(Data records)
§ §

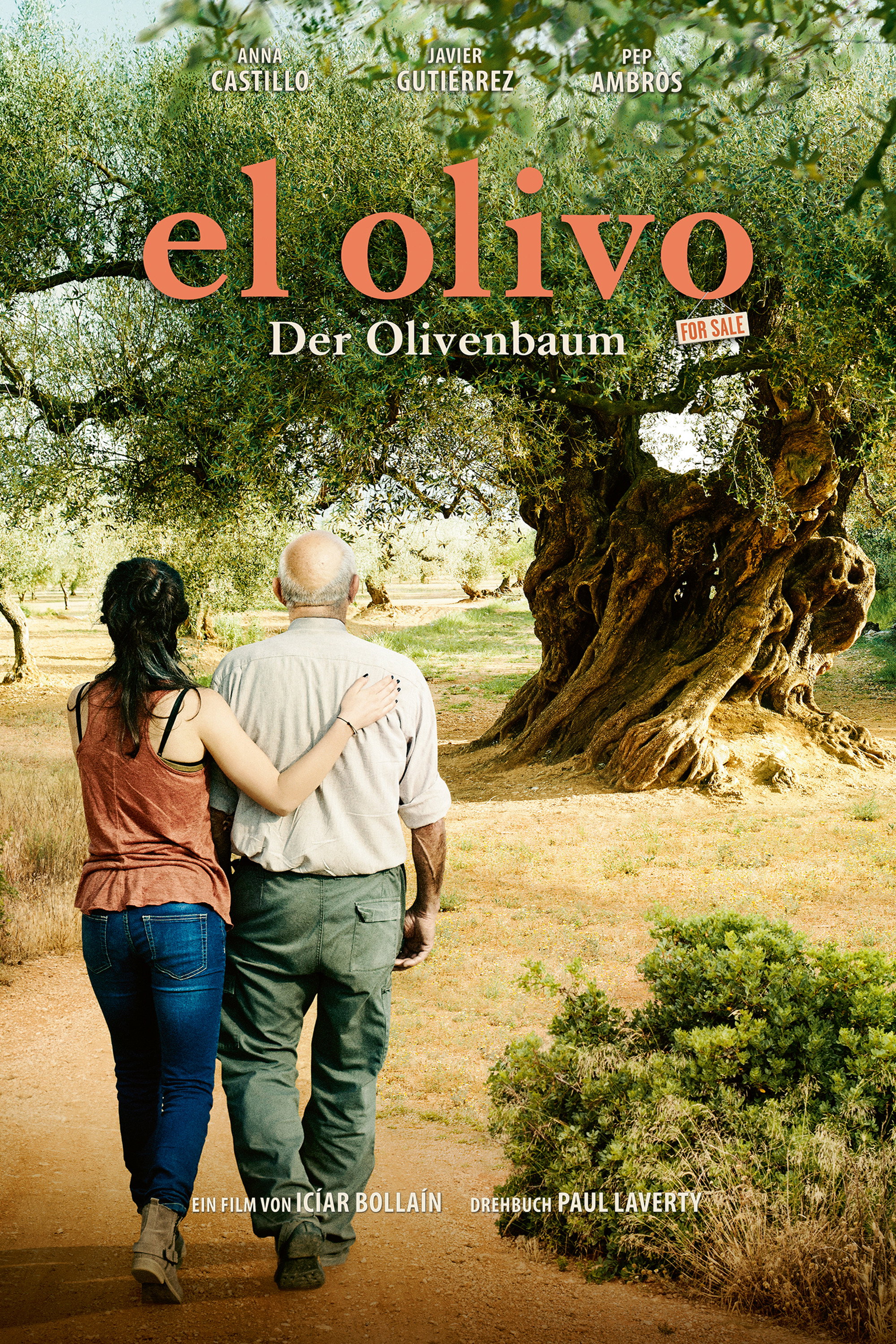  El Olivo - Der Olivenbaum 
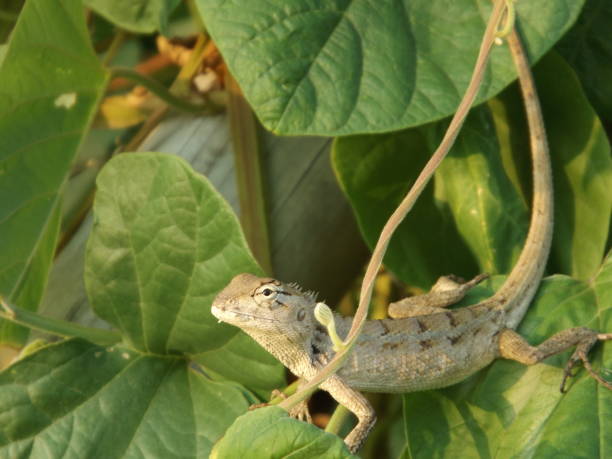 istock Sunbathing on the leaves 2152357917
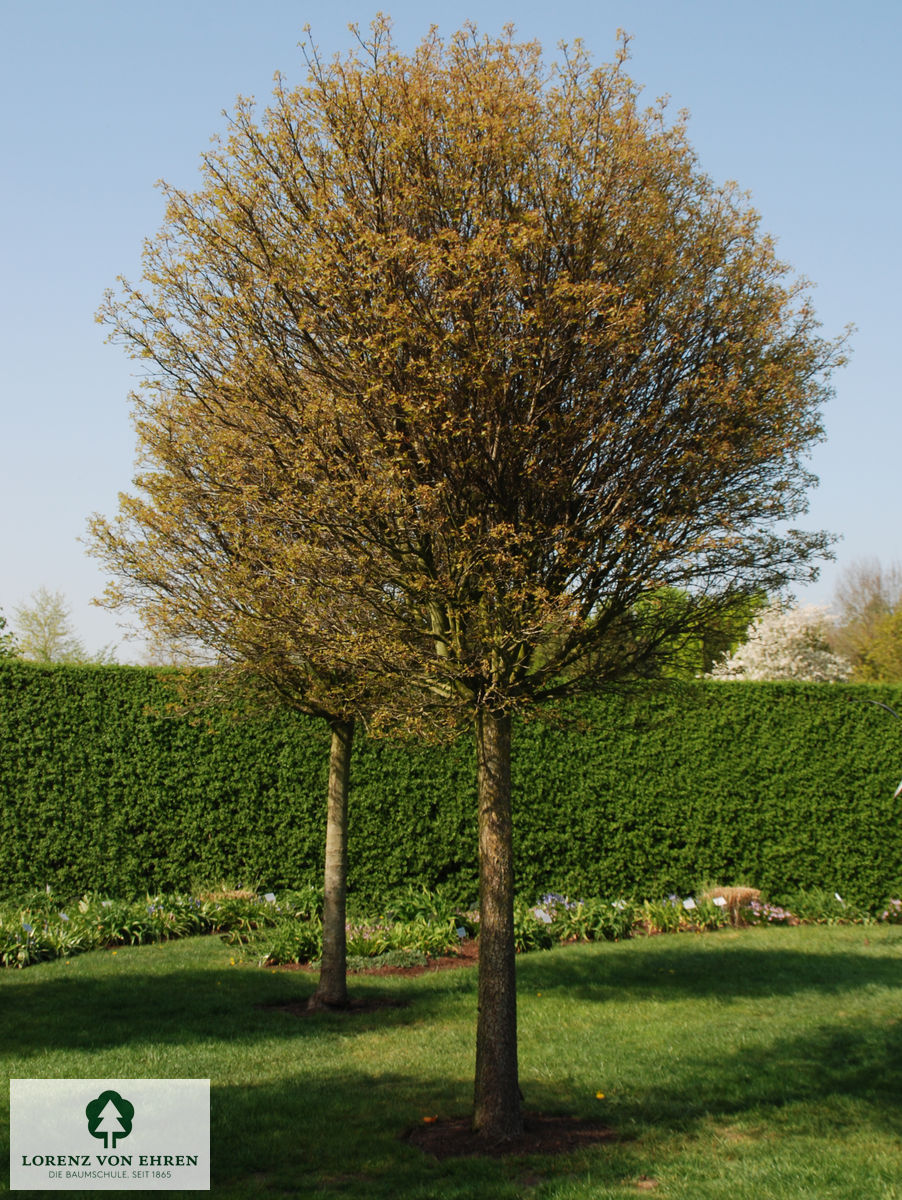 Quercus palustris 'Green Dwarf'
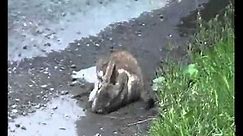 stoat kills rabbit - horror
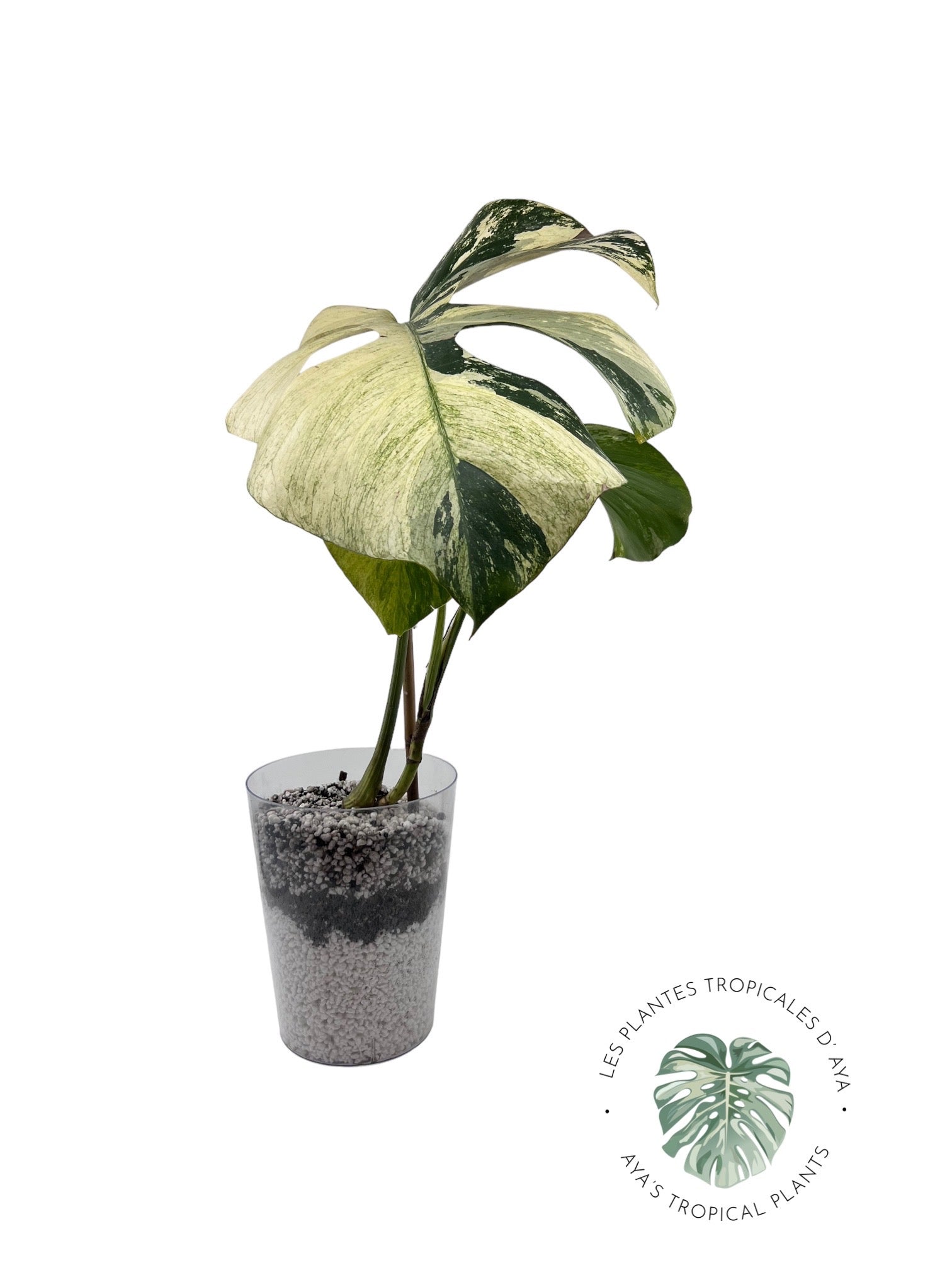 Menthe Monstera Deliciosa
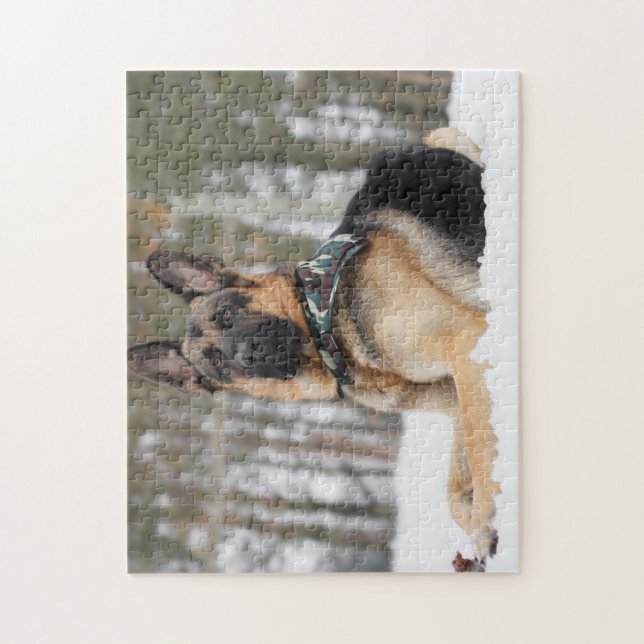 https://rlv.zcache.com/german_shepherd_in_snow_jigsaw_puzzle-r93ce5a99deb3474292cac7453a711e2e_ambn9_8byvr_644.jpg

§ §

**TASK OBJECTIVE:** Restate the records word for word, omitting images.

**OUTPUT OF THE EXERCISE:**
  El Olivo - Der Olivenbaum 
 istock Sunbathing on the leaves 2152357917
 Quercus palustris 'Green Dwarf'
 stoat kills rabbit - horror
 Menthe Monstera Deliciosa
 https://rlv.zcache.com/german_shepherd_in_snow_jigsaw_puzzle-r93ce5a99deb3474292cac7453a711e2e_ambn9_8byvr_644.jpg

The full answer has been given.